Vous retrouverez également dans le rapport des cas déjà bien connus de vous : la restructuration de l'immeuble des Bons-Enfants, resté sans occupant pendant plus de quinze ans pour cause de querelle entre le ministère des finances et celui de la culture, ou les conditions du relogement des affaires étrangères sur l'ancien site de l'Imprimerie nationale. Je sais que vous avez organisé une audition sur ce thème en octobre dernier.
De façon générale, l'État aura fait preuve dans toutes ces opérations d'une myopie coûteuse...
Le rapport contient de nombreux autres exemples illustrant la difficulté qu'éprouve l'État pour réformer sa gestion interne.
Il y a la question de la redevance audiovisuelle. La Cour s'est attachée à dresser le bilan de la réforme du service de la redevance. Nous montrons ainsi qu'il en est bien résulté une simplification pour l'usager et une diminution de la fraude ainsi que des économies assez significatives, mais qu'un plein parti n'a pas été tiré des gains de productivité réalisés.
Par ailleurs, la réforme n'a pas apporté de réponse à la question du financement de l'audiovisuel public. Le niveau de la redevance augmente en effet moins vite que les dépenses des sociétés audiovisuelles. Son montant est resté fixé à son niveau de 2002, soit 116 euros. C'est deux fois moins que chez nos voisins allemands ou britanniques. Il y a donc d'ores et déjà un problème financier qui fait peser un risque de report de charge sur le budget de l'État.
Le débat a resurgi voilà quelques semaines avec des hypothèses tout à fait nouvelles. Vous ne trouverez bien évidemment pas dans ce rapport l'avis de la Cour sur les propositions de M. le Président de la République ; nous sortirions de notre rôle. En revanche, vous y trouverez les termes financiers du débat.
Nous revenons également sur la situation de l'Imprimerie nationale et évaluons son plan de redressement.

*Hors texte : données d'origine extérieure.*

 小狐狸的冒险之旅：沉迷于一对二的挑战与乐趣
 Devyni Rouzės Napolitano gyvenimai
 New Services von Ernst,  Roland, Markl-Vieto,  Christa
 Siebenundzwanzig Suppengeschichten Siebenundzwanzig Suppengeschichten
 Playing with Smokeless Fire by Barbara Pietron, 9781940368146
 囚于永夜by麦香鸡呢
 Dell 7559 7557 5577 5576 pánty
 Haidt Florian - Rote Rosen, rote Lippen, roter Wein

Ce plan, au prix d'une réduction draconienne des effectifs, a permis d'écarter le risque de dépôt de bilan. Mais il a coûté cher à l'État et l'entreprise reste très dépendante de ses dernières activités de monopole. Elle doit encore faire un effort pour aligner sa productivité sur ses concurrentes.

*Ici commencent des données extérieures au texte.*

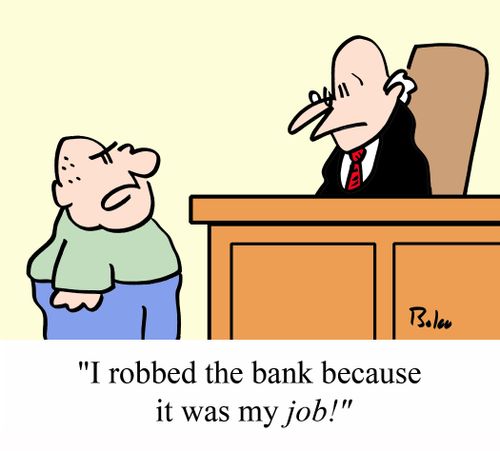 'I robbed the bank because it was my JOB!'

La Cour aborde aussi dans ce rapport ce qu'elle qualifie, avec ce sens de la litote que nul ne songe à lui contester, de « curiosité administrative » : les conservations des hypothèques. Les conservateurs des hypothèques bénéficient d'un statut datant d'un édit de Louis xv, pris en 1771. Leurs rémunérations font partie des plus élevées du ministère des finances, sans lien avec leurs responsabilités véritables. Voilà de beaux postes de débouché, ce qui peut expliquer que le nombre de conservations et donc de conservateurs n'ait pas bougé alors que le nombre d'agents a beaucoup diminué.
À côté de cela, les usagers continuent à payer des tarifs élevés et le service rendu n'a pas bénéficié de tous les progrès rendus possibles grâce à l'informatisation.
J'ai évoqué des questions de gestion interne à l'État. La Cour s'est également intéressée à la manière dont l'État assume sa fonction d'actionnaire.
À cet égard, il convient tout d'abord de souligner les progrès engendrés par la création de l'Agence des participations de l'État. Elle a permis un plus grand professionnalisme des opérations en capital ainsi qu'une meilleure gouvernance des entreprises publiques.
Il reste que l'État actionnaire a des intérêts contradictoires, patrimoniaux et financiers d'un côté, stratégiques de l'autre.